## BRIEF:
Take the line containing "ملك الأردن والرئيس" and every line after it to the end of the material below; reproduce them exactly, without pictures.

## DATA BLOCK:
Segment Open

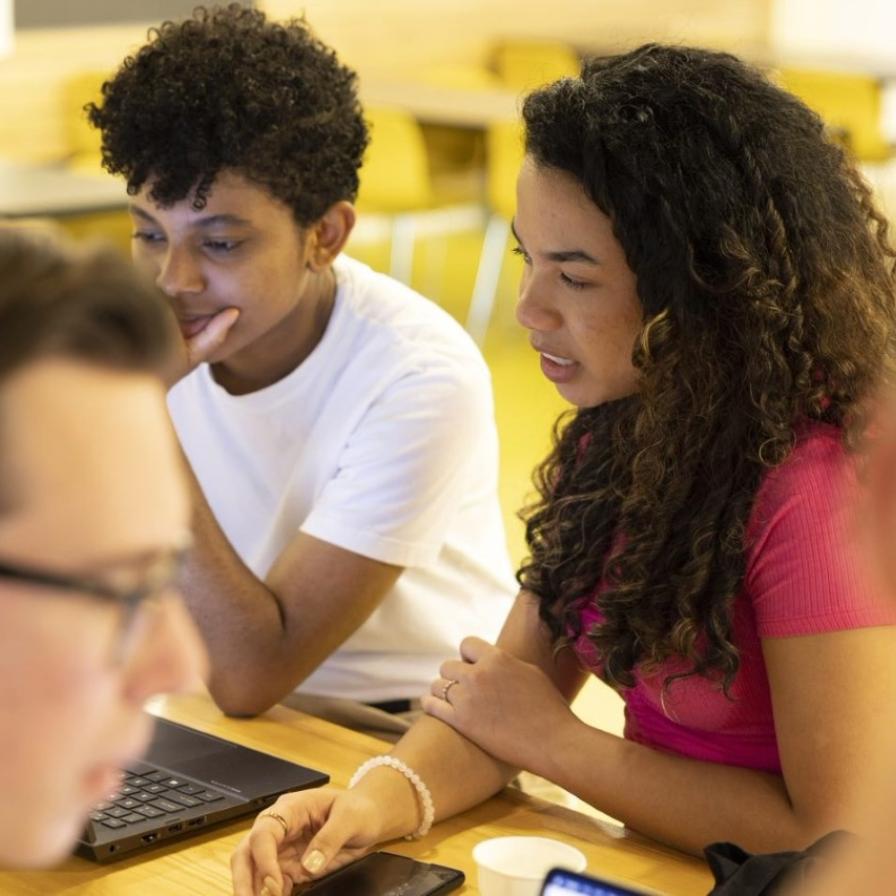 thumbnail_students-and-laptops.jpg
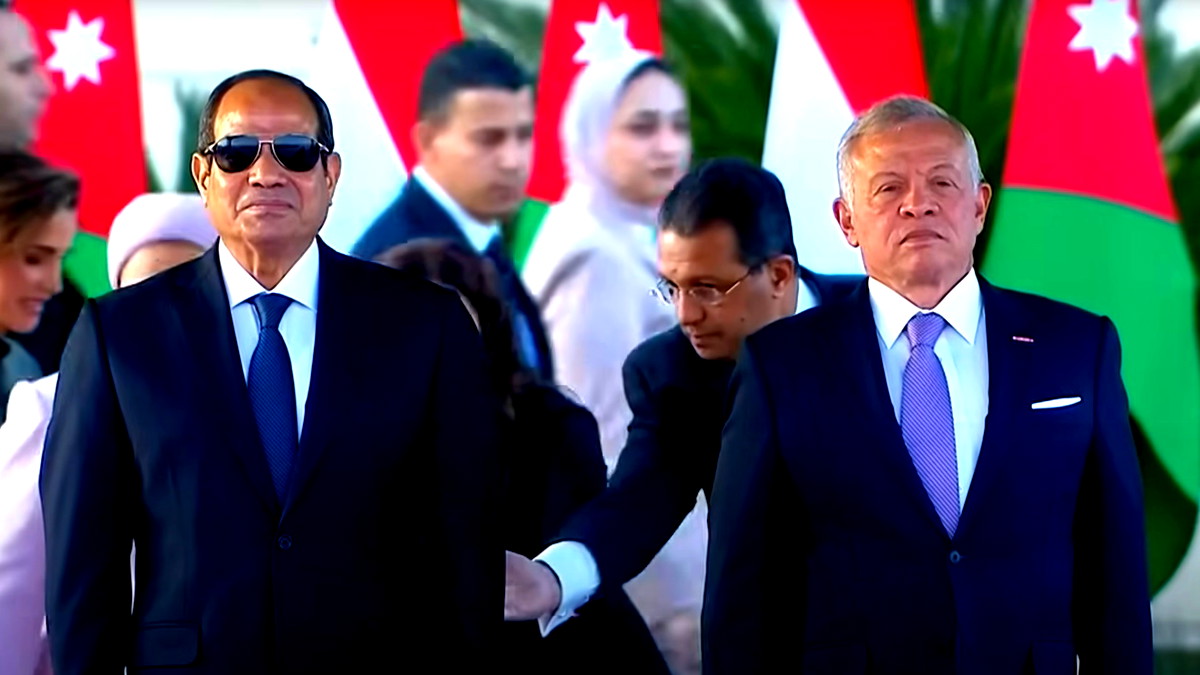 ملك الأردن والرئيس المصري يشددان على أهمية وقف الحرب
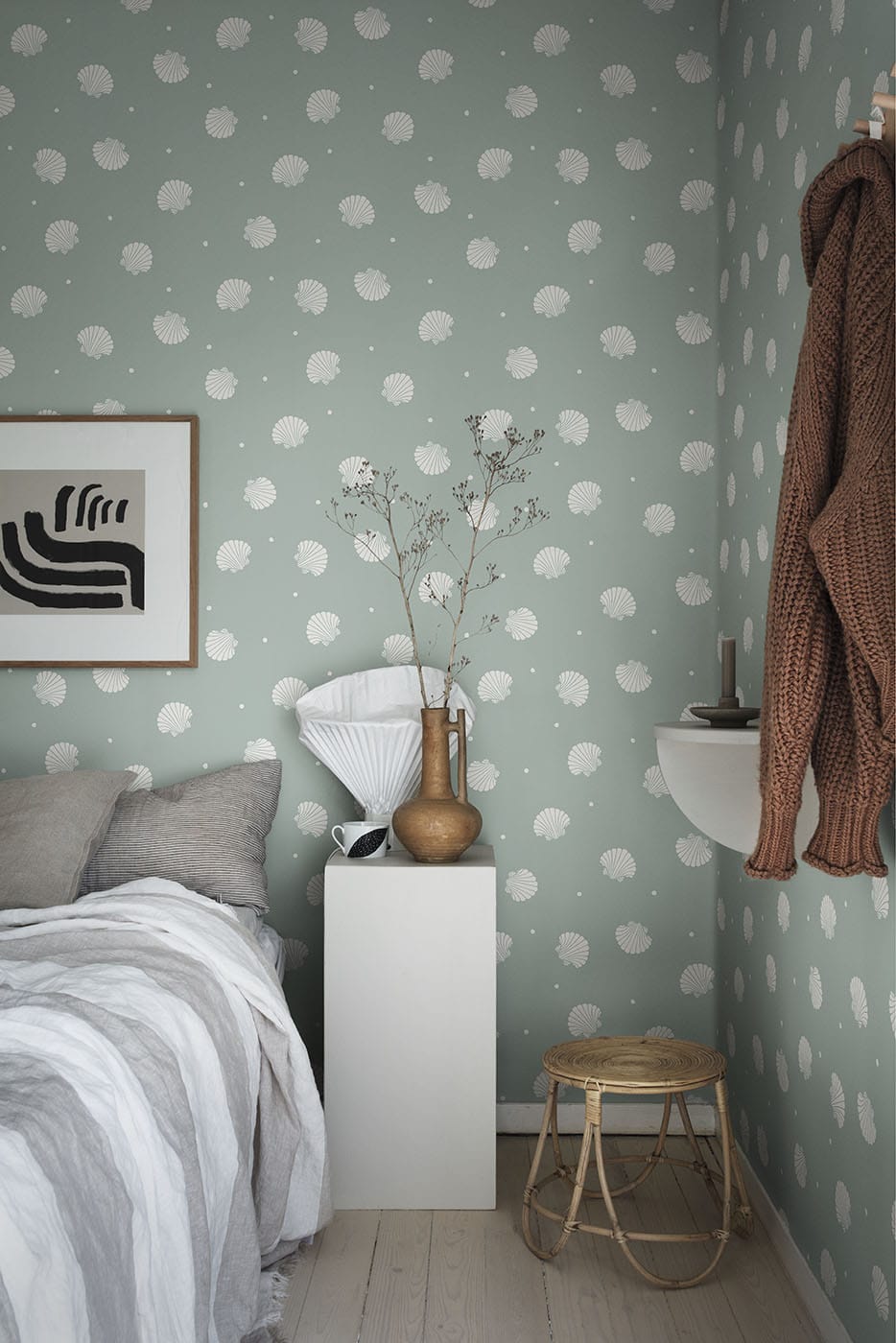 papel pintado verde empolvado con dibujos de conchas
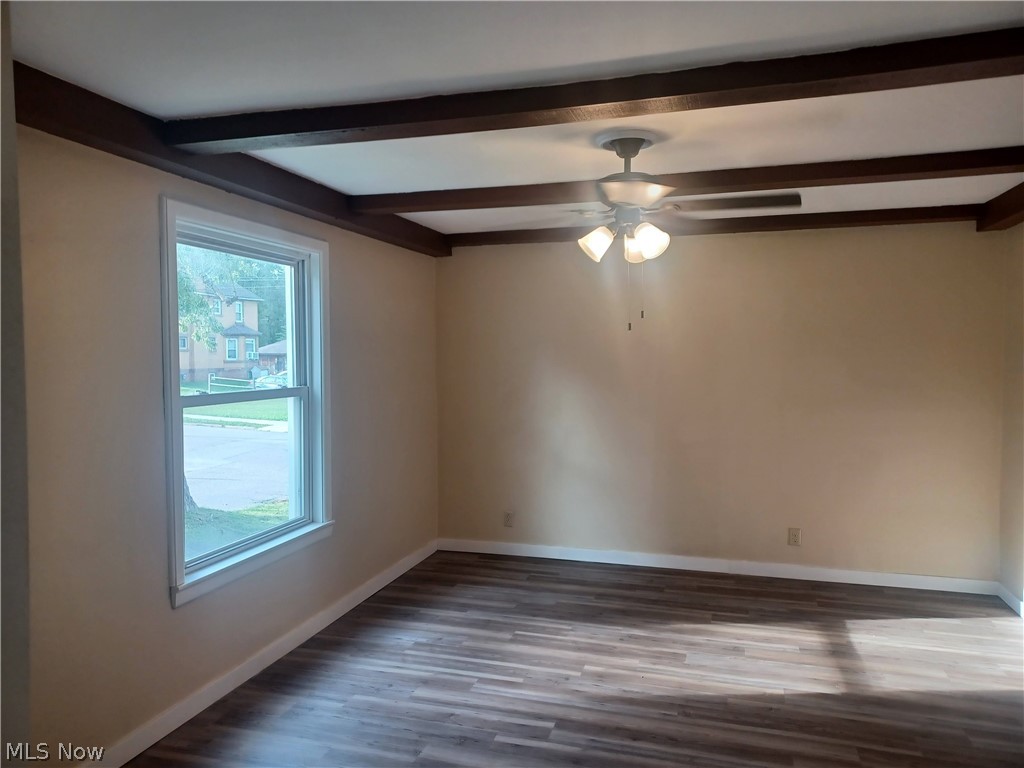 148 Elm Street Struthers OH 44471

Segment Closed

## ANSWER SECTION:
 ملك الأردن والرئيس المصري يشددان على أهمية وقف الحرب
 papel pintado verde empolvado con dibujos de conchas
 148 Elm Street Struthers OH 44471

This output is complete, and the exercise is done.